Joint Venture with New Vardhman Vitrified Pvt. Ltd.

With imports from China becoming progressively unviable, Company had shifted sourcing based in India. As a part of this strategy, your Company had acquired 51% equity stake in New Vardhman Vitrified Pvt. Ltd (NVVPL). The said company had set up a plant in Wakaner, Morbi, Gujarat for manufacturing 8 million sq. mtrs (approximately) of vitrified tiles and wall tiles. The plant has commenced its production towards the end of the financial year 2012-13. The production of this plant is marketed by the Company under its brand name. With this arrangement, Company''s dependence on China for tiles sourcing had significantly reduced. NVVPL, in its first full year of operation, has achieved net turnover of Rs. 146.45 Crores, EBITDA is Rs. 13.72 Crores and net profit before tax is Rs. 1.93 Crores.

Dividend

In view of the losses incurred during the year, your Board is not able to recommend any dividend for the financial year ended 31st March 2014.
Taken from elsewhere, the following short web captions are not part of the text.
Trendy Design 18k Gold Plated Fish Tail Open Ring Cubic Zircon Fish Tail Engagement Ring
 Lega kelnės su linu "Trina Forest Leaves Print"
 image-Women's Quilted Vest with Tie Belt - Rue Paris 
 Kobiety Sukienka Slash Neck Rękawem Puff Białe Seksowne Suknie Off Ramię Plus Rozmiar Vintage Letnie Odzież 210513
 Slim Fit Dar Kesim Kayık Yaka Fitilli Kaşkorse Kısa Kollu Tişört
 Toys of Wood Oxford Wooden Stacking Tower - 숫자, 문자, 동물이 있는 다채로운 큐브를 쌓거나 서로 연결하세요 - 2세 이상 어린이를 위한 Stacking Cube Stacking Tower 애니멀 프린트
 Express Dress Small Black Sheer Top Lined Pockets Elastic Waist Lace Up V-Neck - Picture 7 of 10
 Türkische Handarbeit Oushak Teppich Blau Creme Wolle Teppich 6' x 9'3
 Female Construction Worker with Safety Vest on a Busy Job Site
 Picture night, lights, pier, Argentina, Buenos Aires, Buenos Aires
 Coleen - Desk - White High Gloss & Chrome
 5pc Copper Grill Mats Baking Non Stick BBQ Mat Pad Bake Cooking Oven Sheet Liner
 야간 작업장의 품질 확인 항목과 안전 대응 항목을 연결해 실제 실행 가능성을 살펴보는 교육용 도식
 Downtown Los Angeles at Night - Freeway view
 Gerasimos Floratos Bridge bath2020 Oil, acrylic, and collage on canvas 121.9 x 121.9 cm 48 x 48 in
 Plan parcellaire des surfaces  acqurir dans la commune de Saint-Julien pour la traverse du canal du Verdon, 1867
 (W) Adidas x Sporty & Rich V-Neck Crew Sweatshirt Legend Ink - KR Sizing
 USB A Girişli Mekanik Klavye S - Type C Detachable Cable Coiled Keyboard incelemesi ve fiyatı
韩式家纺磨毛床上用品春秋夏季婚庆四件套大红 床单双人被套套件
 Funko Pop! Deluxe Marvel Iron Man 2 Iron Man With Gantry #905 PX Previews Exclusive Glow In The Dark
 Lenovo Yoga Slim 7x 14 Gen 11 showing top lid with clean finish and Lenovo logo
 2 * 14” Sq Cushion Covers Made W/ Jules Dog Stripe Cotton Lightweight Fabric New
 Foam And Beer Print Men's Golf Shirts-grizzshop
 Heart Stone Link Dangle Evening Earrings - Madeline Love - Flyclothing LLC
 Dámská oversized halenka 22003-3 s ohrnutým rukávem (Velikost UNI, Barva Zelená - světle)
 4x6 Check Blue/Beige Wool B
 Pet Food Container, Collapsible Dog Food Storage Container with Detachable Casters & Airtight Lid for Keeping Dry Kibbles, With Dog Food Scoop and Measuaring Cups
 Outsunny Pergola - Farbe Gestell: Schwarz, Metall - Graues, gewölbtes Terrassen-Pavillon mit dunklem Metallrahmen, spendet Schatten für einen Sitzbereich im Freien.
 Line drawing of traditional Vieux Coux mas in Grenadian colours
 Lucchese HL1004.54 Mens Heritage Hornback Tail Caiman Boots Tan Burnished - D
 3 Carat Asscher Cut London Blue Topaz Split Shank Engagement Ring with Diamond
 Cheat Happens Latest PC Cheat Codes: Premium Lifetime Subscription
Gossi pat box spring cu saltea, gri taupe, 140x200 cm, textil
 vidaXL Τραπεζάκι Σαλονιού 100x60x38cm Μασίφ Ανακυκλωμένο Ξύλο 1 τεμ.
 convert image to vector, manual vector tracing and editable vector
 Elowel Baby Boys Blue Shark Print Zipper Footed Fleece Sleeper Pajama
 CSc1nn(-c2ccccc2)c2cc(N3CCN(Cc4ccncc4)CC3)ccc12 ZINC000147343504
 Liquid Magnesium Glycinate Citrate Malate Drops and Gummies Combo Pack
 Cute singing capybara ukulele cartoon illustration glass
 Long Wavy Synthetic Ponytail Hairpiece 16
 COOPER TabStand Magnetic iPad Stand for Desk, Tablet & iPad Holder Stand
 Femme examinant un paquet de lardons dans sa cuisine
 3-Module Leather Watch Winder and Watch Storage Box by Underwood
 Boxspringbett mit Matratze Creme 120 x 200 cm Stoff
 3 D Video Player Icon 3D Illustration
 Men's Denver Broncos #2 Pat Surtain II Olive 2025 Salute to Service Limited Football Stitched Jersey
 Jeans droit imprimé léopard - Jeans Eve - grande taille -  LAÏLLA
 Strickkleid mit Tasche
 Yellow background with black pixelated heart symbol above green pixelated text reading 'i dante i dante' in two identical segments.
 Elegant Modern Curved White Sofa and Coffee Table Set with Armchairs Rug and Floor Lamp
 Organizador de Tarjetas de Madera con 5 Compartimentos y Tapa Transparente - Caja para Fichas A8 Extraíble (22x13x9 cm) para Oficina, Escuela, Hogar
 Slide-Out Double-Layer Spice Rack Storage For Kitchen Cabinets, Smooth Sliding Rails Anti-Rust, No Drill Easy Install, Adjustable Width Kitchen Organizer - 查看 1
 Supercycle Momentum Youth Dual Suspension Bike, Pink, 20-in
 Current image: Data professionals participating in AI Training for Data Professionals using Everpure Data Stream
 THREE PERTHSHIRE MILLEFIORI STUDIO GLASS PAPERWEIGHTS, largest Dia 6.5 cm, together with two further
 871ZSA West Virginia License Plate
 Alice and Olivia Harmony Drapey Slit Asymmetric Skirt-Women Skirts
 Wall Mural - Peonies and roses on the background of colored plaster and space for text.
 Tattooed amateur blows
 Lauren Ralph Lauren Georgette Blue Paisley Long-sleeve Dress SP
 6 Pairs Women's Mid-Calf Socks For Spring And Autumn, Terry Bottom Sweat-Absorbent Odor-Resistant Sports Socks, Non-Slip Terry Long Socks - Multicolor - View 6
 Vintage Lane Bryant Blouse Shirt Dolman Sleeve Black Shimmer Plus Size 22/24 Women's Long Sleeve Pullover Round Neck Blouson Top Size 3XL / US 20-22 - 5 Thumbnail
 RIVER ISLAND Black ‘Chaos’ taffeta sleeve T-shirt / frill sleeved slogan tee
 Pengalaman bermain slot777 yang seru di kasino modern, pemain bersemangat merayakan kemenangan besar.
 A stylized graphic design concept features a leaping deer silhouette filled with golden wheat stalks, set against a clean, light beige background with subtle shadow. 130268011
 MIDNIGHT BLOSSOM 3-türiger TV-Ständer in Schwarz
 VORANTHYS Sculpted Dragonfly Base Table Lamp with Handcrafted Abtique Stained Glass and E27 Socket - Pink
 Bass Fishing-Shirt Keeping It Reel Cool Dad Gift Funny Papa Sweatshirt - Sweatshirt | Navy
Subsidiary Companies and Consolidated Financial Statements

In terms of Section 212(8) of the Companies Act, 1956 read with the General Circular No.2/2011 dated February 8, 2011 issued by the Ministry of Corporate Affairs, Government of India, general exemption has been provided to companies from compliance of the provisions of Section 212 of the Companies Act, 1956 subject to compliance with conditions as referred to in the said General Circular No.2/2011 dated February 8, 2011. The Board of Directors of the Company, accordingly, has given its consent for not attaching the balance-sheet of the subsidiaries and accordingly, the balance-sheet, statement of profit and loss and other documents of the subsidiary companies are not being attached with the balance- sheet of the Company. However, some key information of the subsidiary companies as required to be provided in terms of the said circular, is disclosed under "Section 212 Report" forming part of this Annual Report.

The annual accounts of the subsidiary companies and the related detailed information will be made available to any member of the Company / its subsidiaries who may be interested in obtaining the same. The annual accounts of the subsidiary companies will also be kept for inspection by any member at the Company''s Registered Office and Corporate Office and that of the respective subsidiary companies.

The Annual Report of the Company contains the consolidated audited financial statements prepared pursuant to Clause 41 of the Listing Agreement entered into with the stock exchanges and prepared in accordance with the mandatory accounting standards as notified by the Companies (Accounting Standards) Rules, 2006 (as amended) and the relevant provisions of the Companies Act, 1956.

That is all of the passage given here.